Mais les libéraux proposent qu’à l’avenir, tout citoyen canadien né ou ayant vécu au Canada puisse continuer de voter depuis l’étranger. La limite de cinq ans était « relativement arbitraire », selon la ministre Monsef. Ottawa estime qu’un million de personnes pourraient désormais voter en en faisant la demande auprès du fédéral.
Le gouvernement britannique prévoit de déposer un projet de loi pour prolonger à vie le droit de vote de ses expatriés. Les Britanniques perdent présentement ce droit après 15 ans d’absence. Les Américains conservent leur droit de vote à vie. La France permet à ses citoyens de voter, qu’ils aient habité ou non l’Hexagone.
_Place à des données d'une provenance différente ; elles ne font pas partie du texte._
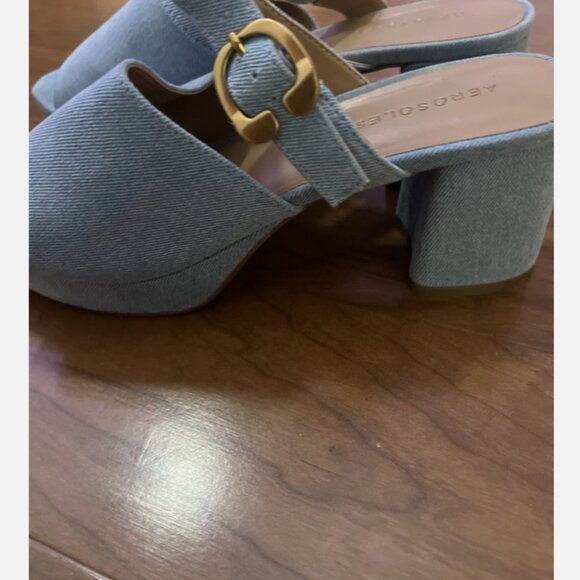 Aerosols Women’s 9 Wide Fit Denim Blue Gold Buckle Slip On Mule Block Sandal - Picture 4 of 7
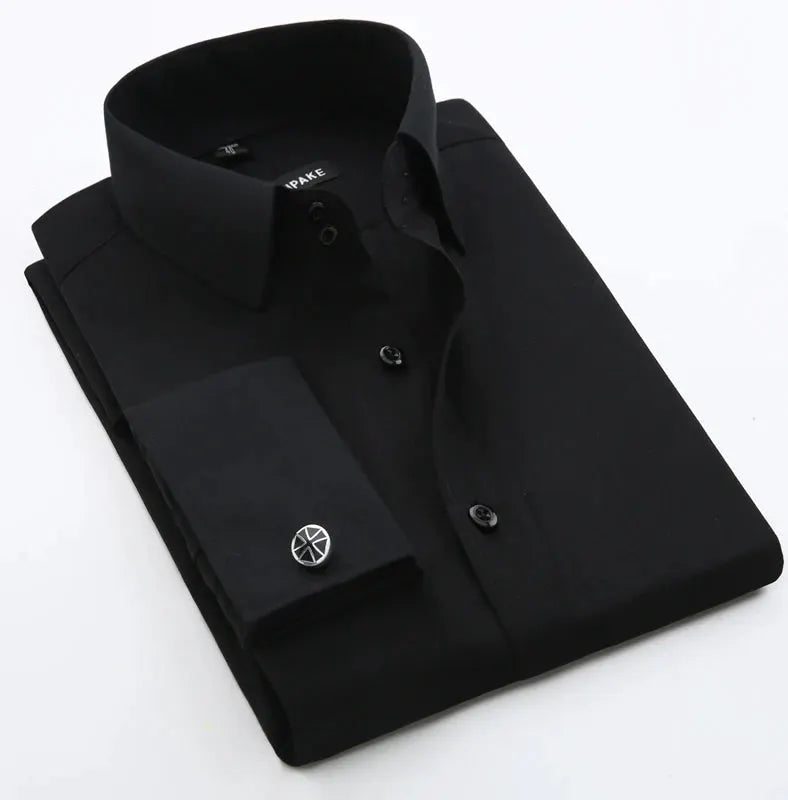 Simples Market men's black dress shirt with French cuffs; slim-fit solid color long sleeve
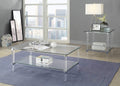 Tables Coffee Table Sets - 48" X 26" X 18" Clear Acrylic, Chrome And Clear Glass Coffee Table HomeRoots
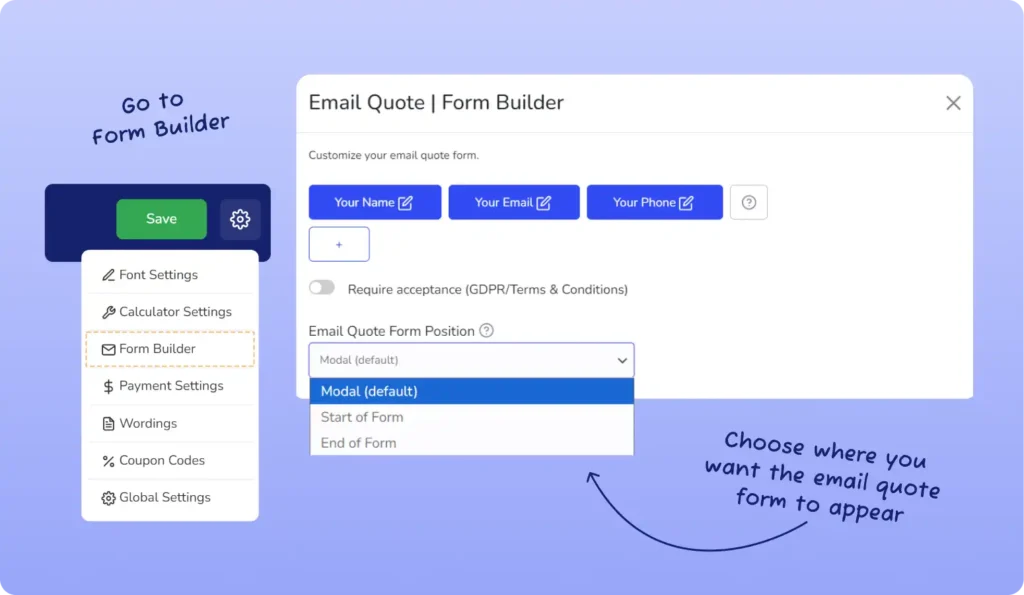 Email Quote Form Position Setting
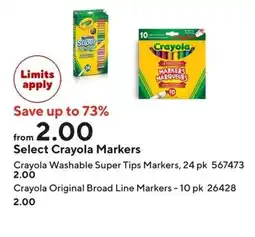 Staples Select Crayola Markers offer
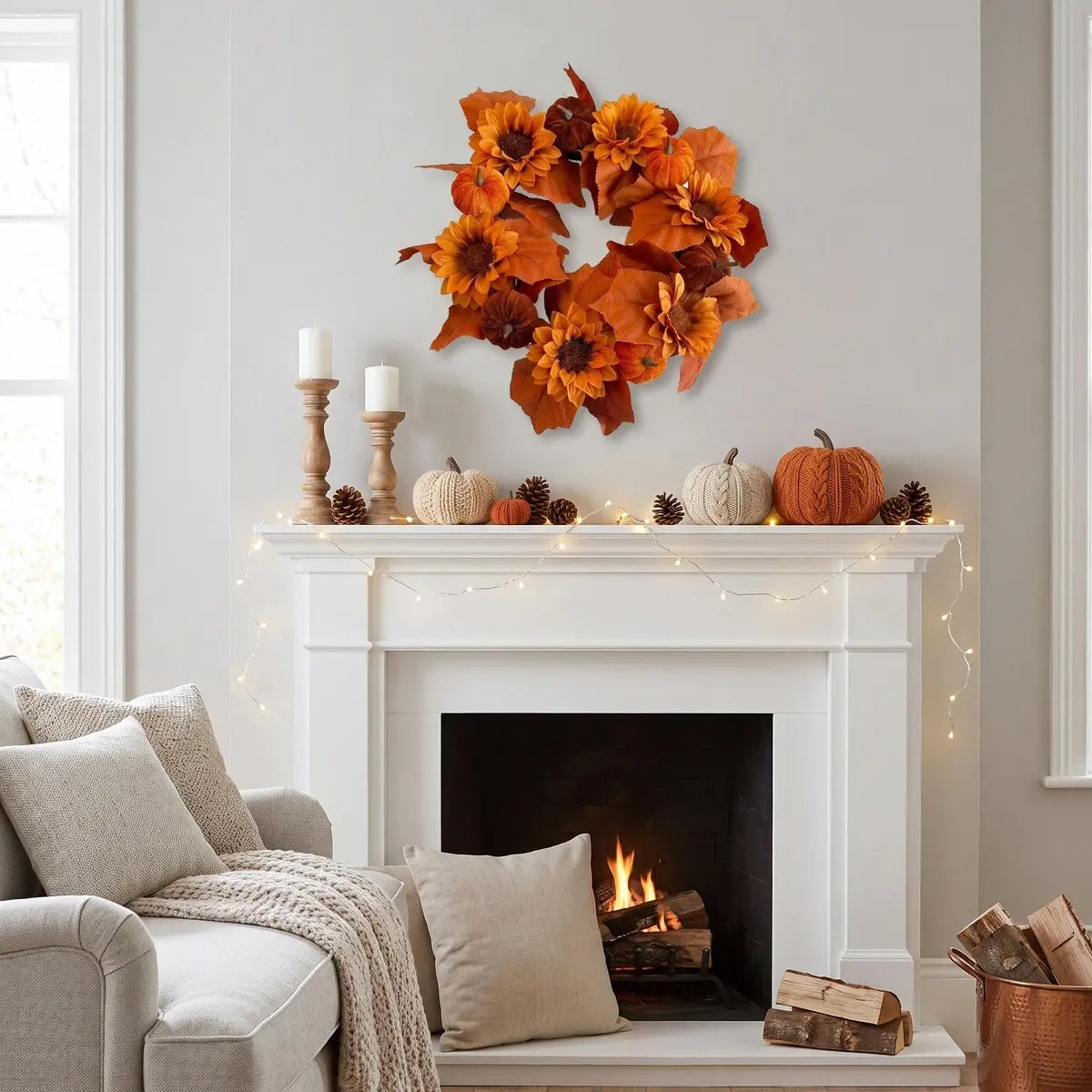 Artificial sunflower autumn wreath hung above a fireplace mantel for farmhouse Thanksgiving harvest home decor
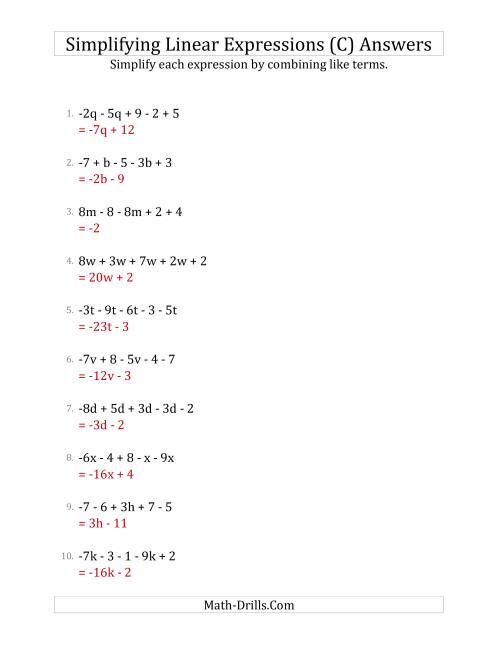 The Simplifying Linear Expressions with 5 Terms (C) Math Worksheet Page 2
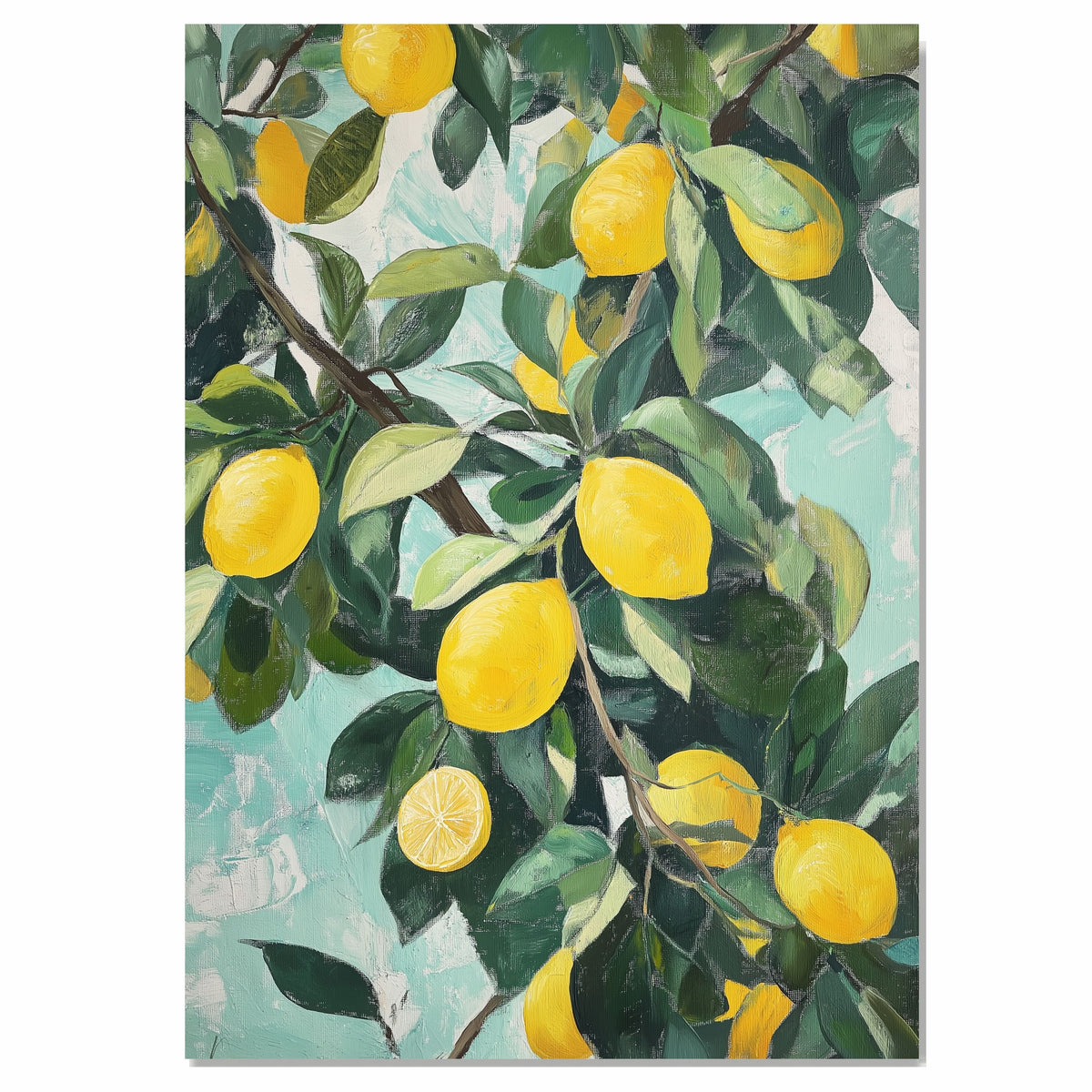 Vintage Lemon Tree Branch with Ripe Yellow Lemons and Green Leaves Artistic Botanical Illustration for Kitchen or Dining Room Rustic Farmhouse Fruit Art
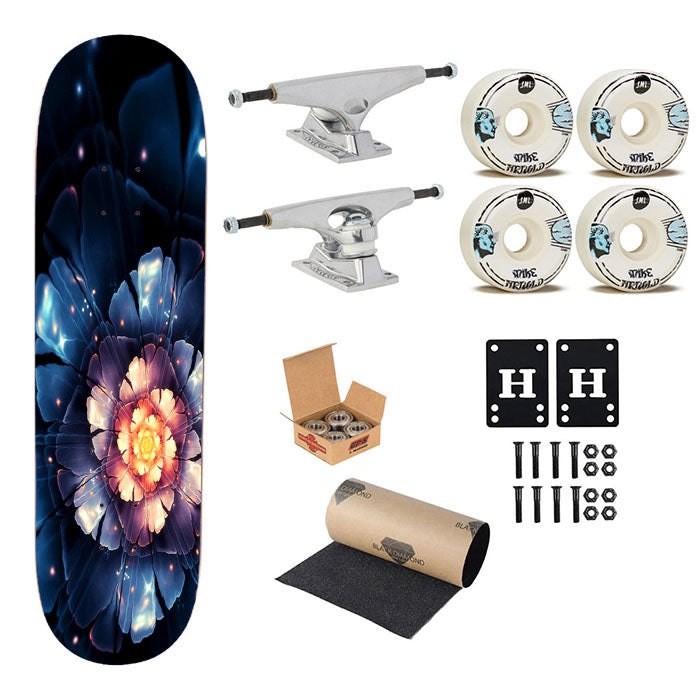 Night Flower Skateboard Complete Board 8.0" X 31.75"
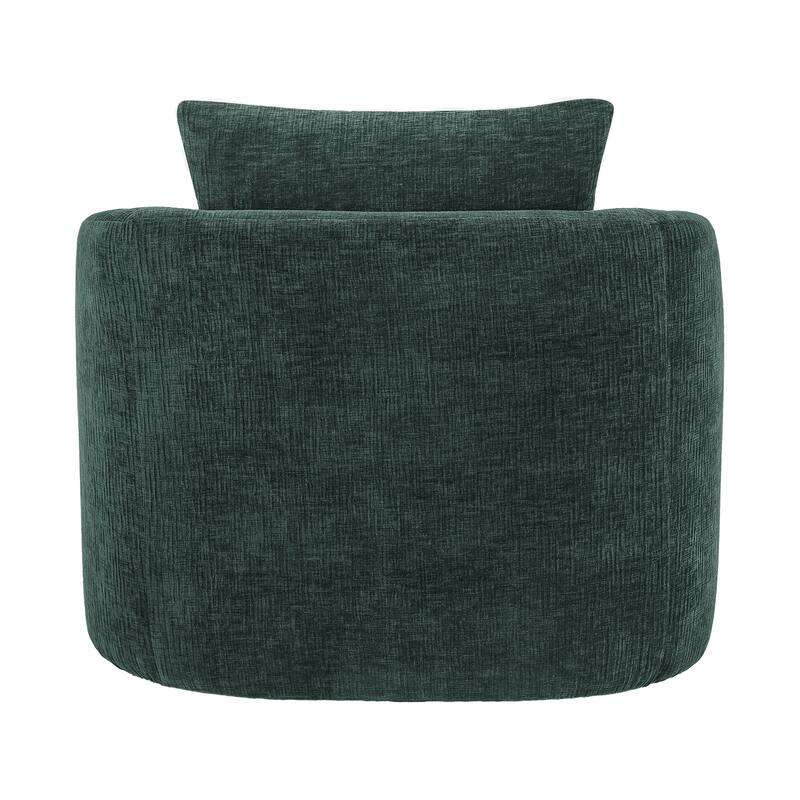 Upholstered Swivel Barrel Chair with Pillow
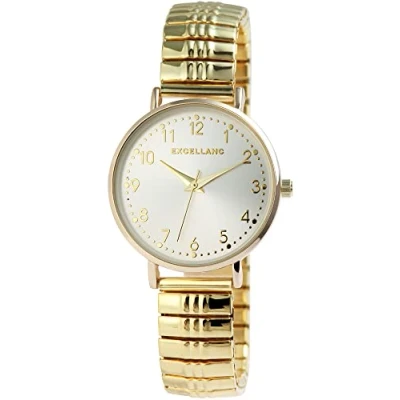Abbildung von Excellanc Damen Uhr Edelstahl Zugband analog Quarz 1700061 (goldfarbig)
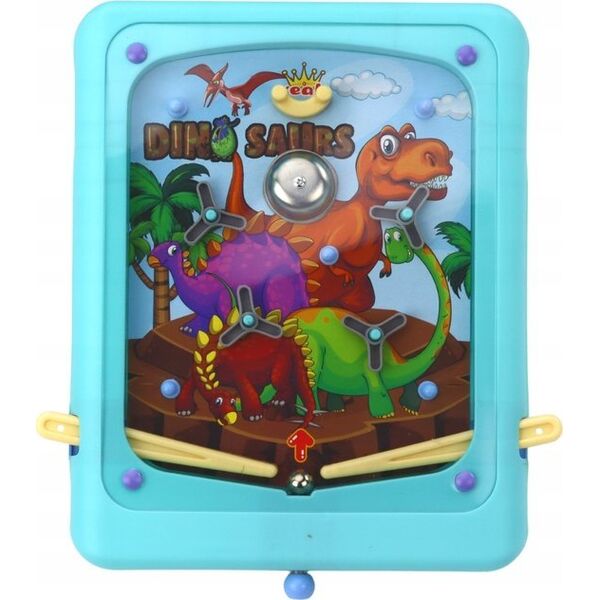 LeanToys Gra Zręcznościowa Flipper Dinozaury Plansza Niebieska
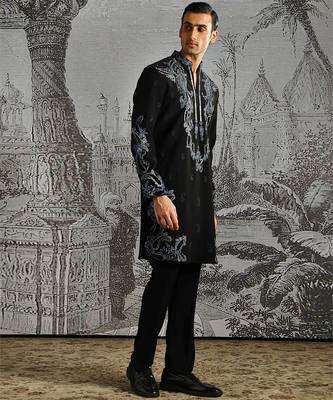 black embroidered faux kurta set for men 2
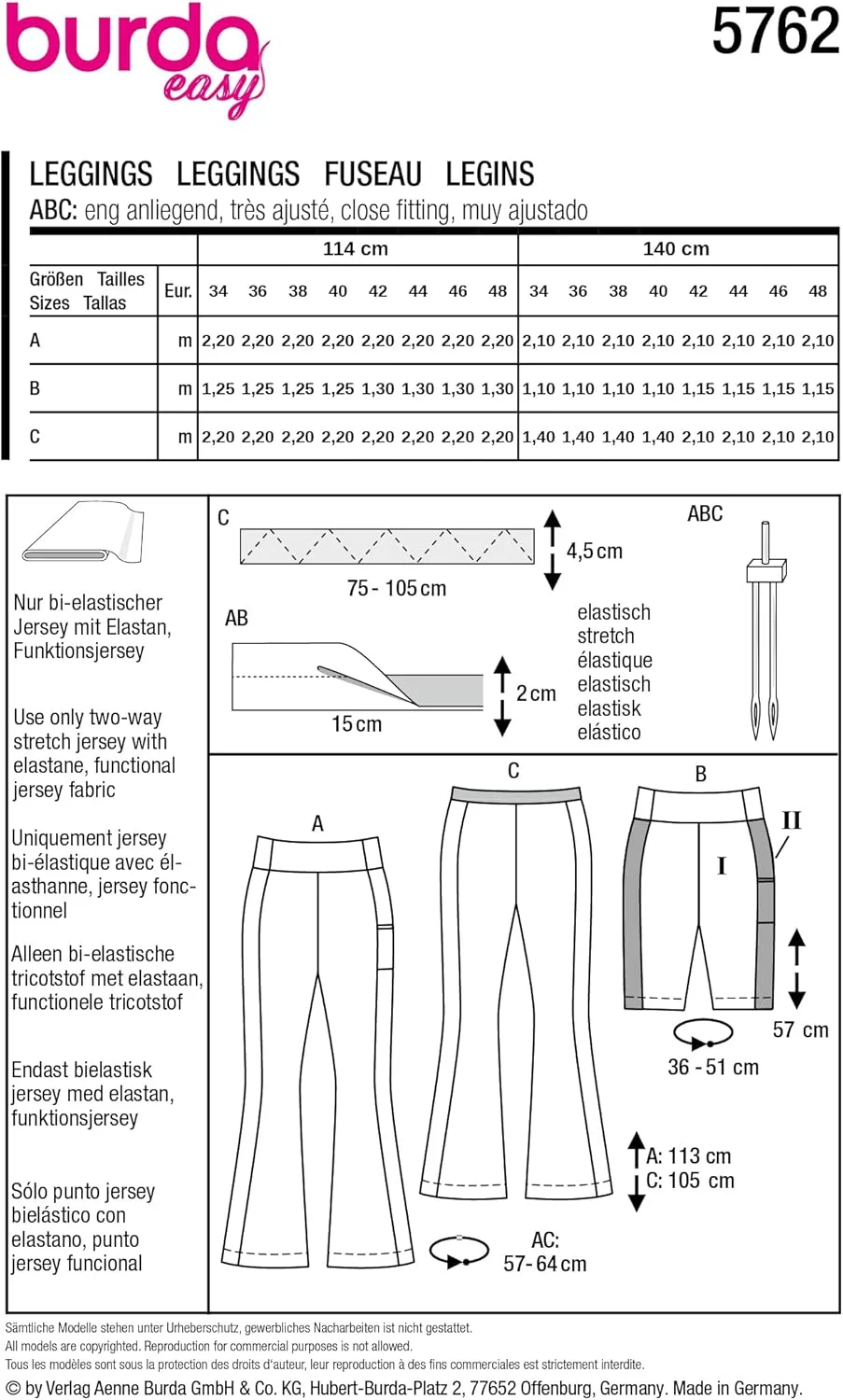الگوی خیاطی زنانه بردا استایل، لگینگ و شورت دوچرخه سواری، سایزهای 36 تا 48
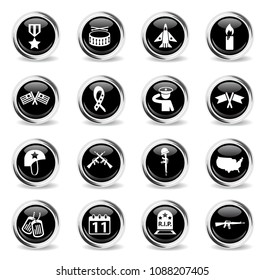 veterans day vector icons - black round chrome buttons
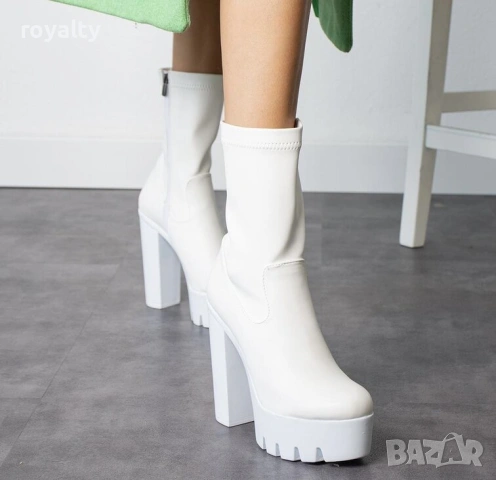 Боти на ток - бяла кожа , снимка 2 - Дамски боти - 54160095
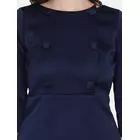 Power Sutra Poly Satin Skater Aftonklänning - Marinblå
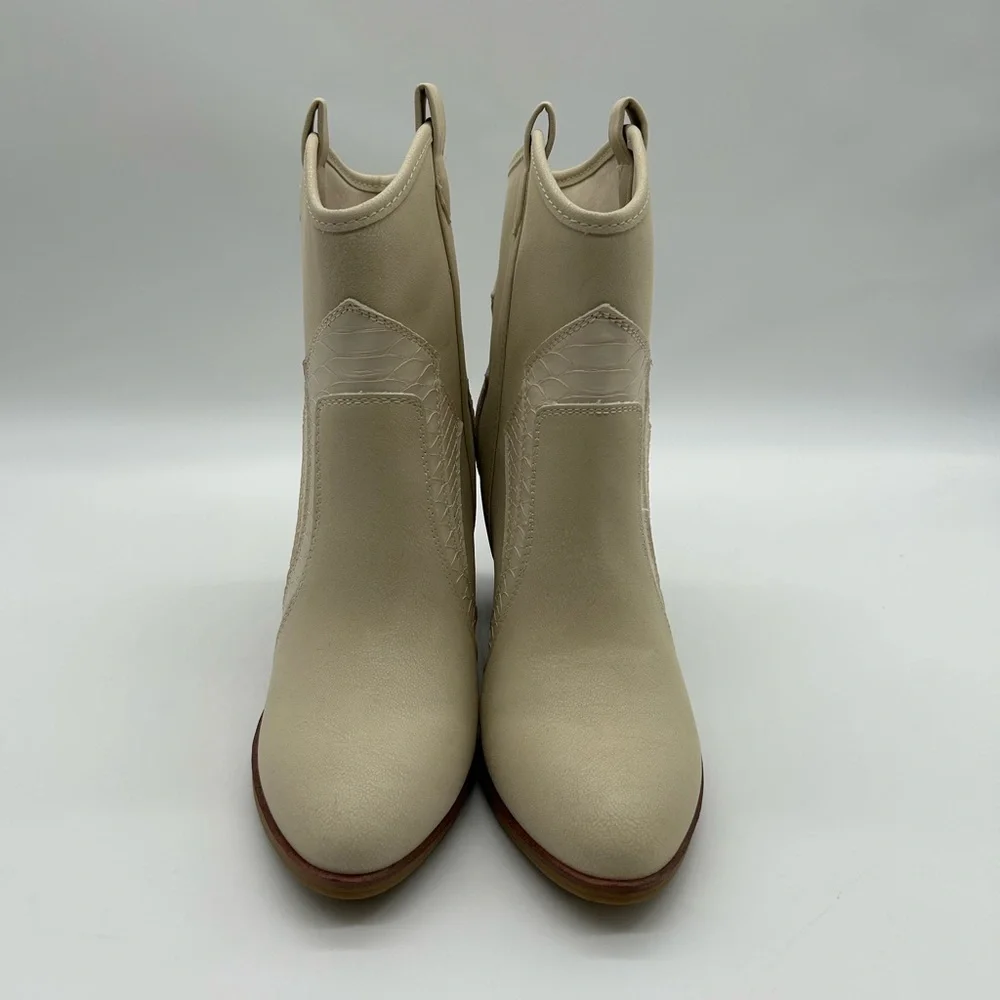 Altar’d State Beige Western Ankle Boots | Vegan | Size 8 | New With Tag - Picture 6 of 10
Élections Canada procédera en revanche à un nettoyage de sa liste d’électeurs, qui comptait à peu près 40 000 non-citoyens en date du dernier dénombrement en 1997.
Annulation
La réforme électorale conservatrice de 2014 avait fait grand bruit car elle modifiait la façon d’identifier les électeurs, ayant pour effet de restreindre l’accès au droit de vote. La carte d’information de l’électeur (CIE) — ce carton envoyé par la poste par Élections Canada sur lequel figurent le nom et l’adresse du résidant — n’était plus acceptée comme document d’identité. Les conservateurs plaidaient que ces cartes se retrouvaient parfois par dizaines dans les boîtes de recyclage d’édifices locatifs, accessibles à tous, y compris aux gens mal intentionnés. Élections Canada avait rejeté l’allégation, notant que la CIE était surtout utilisée par les électeurs pour établir leur adresse. Le Canada est un des rares pays à exiger qu’un électeur prouve à la fois son identité et son adresse, mais seuls 2 des 39 documents d’identification acceptés comportent ces deux éléments (dont le permis de conduire, que 15 % des électeurs ne détiennent pas). Les libéraux accepteraient à nouveau la CIE comme preuve d’identité.
Serait aussi restauré le système des répondants — ces électeurs qui certifient connaître un autre électeur dépourvu de pièces d’identité et lui permettent ainsi de voter. Les conservateurs disaient que plusieurs erreurs administratives étaient commises, ce qui ouvrait la porte à de la fraude. Les libéraux veulent permettre à un répondant de certifier l’identité d’un citoyen, mais pour seulement un électeur qui vote dans la même section de vote que lui. Un électeur ayant eu recours à un répondant ne pourrait pas à son tour répondre de quelqu’un d’autre.
Un sondage de Statistique Canada a conclu, début 2016, qu’environ 172 000 électeurs n’ont pas voté au dernier scrutin fédéral par manque de pièce d’identité.
Enfin, les libéraux annulent une autre décision conservatrice de faire passer le Commissaire aux élections sous l’autorité du Directeur des poursuites pénales plutôt que celle d’Élections Canada.
Et le mode de scrutin ?
Selon le conservateur Blake Richards, la ministre Monsef ne présente rien de plus qu’une « distraction », alors que le Comité sur la réforme électorale se prépare à déposer la semaine prochaine ses recommandations. « On ne voudrait pas que ça serve de diversion pour ne pas respecter la promesse fondamentale de changer le mode de scrutin », a renchéri Alexandre Boulerice du NPD.
« Ça prendrait quelque chose de pas mal plus substantiel pour penser qu’on va oublier qu’ils [les libéraux] ne veulent pas aller de l’avant », a commenté le bloquiste Luc Thériault. Le Bloc rejette la reconnaissance de la carte d’information de l’électeur comme preuve d’identité. Mais autrement, il appuie à première vue, comme le NPD, le projet de loi C-33.